Primarily, the code is designed to provide a mandatory system for the classification of exploration results, resources and reserves through the lens of transparency, materiality and competence.
AusIMM is also developing a second shorter iteration of the course for company directors, investors and executives to understand the basics of the code in the context of appropriate public reporting.
Given the code’s ubiquitous nature, some misconceptions surrounding its aims have arisen over time. Sterk says the code is sometimes misinterpreted as a stamp of quality for operations, which can lead to potential misunderstandings. It is often used for reporting on international operations outside Australasia, such is the renown of the code.
“People talk about things such as JORC resources or JORC drilling — evoking the ‘JORC brand’ if you like — to lend some of the technical work that was done with more credibility,” he explains. “It’s a way to report your findings, not a way to describe the quality of your work.”
In this vein, the course examines how to maintain quality control standards when publicly reporting competent persons’ findings.
Competent persons are defined in clause 11 of the latest JORC Code (2012) as members or fellows of the AIG, AusIMM or other recognised professional organisations with a “minimum of five years’ relevant experience in the style of mineralisation or type of deposit under consideration and in the activity which that person is undertaking”.

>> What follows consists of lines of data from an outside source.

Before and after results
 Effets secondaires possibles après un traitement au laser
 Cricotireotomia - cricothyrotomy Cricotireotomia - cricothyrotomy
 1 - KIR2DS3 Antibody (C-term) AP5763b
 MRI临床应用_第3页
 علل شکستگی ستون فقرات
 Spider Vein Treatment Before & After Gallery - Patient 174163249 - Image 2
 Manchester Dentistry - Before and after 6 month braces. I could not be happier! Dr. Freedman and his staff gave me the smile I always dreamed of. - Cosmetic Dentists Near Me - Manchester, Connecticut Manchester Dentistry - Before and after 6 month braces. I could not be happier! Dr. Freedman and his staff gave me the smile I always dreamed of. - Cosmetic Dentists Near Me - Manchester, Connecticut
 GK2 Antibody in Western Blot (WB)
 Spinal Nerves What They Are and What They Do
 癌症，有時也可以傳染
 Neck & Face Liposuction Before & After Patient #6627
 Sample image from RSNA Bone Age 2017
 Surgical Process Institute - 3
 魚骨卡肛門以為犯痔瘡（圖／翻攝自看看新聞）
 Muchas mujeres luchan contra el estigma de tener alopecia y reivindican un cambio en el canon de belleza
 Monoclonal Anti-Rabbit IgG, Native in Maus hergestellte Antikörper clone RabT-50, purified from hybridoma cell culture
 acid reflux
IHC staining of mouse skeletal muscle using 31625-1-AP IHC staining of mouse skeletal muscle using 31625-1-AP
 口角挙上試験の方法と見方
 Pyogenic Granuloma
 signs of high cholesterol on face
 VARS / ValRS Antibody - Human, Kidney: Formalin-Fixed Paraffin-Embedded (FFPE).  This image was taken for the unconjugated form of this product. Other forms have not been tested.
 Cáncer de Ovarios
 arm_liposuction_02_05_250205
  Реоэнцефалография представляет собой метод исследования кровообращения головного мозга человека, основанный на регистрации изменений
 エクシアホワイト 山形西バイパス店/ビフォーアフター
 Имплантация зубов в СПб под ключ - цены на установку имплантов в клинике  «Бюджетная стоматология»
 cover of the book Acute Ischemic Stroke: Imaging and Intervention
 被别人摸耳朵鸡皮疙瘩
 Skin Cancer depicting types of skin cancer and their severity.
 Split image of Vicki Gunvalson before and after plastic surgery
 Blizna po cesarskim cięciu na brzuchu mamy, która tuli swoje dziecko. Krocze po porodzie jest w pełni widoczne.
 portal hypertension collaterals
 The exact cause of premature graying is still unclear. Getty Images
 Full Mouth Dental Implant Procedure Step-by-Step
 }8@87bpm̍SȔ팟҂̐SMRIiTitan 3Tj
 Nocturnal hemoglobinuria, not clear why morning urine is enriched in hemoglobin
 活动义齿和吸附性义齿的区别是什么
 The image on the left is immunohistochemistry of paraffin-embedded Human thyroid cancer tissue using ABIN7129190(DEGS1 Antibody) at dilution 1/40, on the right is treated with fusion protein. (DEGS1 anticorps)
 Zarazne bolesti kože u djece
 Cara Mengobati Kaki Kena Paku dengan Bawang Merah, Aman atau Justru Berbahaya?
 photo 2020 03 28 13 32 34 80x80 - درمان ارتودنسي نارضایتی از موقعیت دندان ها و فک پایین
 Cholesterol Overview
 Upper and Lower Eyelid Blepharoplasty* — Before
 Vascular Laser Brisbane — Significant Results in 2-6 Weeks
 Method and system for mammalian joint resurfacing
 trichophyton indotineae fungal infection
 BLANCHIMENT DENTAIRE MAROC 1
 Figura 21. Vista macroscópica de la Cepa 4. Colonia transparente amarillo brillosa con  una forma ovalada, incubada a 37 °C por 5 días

Sterk identifies an industry issue wherein competent persons’ statements, whether they be managing exploration or mineral resource results, are reinterpreted in company investor releases and marketing documents by managing directors or PR, often without the input of the competent persons involved.
“There’s a difference between a public announcement and a technical document in that we need to be very careful that the competent persons are included in that process of making a public announcement,” Sterk says.
“It can lead to awkward situations where the competent person is simply not aware that their name has been included in a public announcement. Things come off the rails pretty quickly if some slightly non-transparent comments are made and the competent persons gets into trouble.”
The first intake of the course — angled primarily towards technical resources professionals — took place in October last year. The next course is scheduled for next month.
Response to the course has so far been overwhelmingly positive, according to Sterk.
“We had an incredible 98.4 per cent completion rate and a 9.8 out of 10 course satisfaction rate so that’s pretty staggering,” says Sterk.
“We have really been able to identify where upskilling needs to happen.”
This article also appears in the March edition of Australian Mining.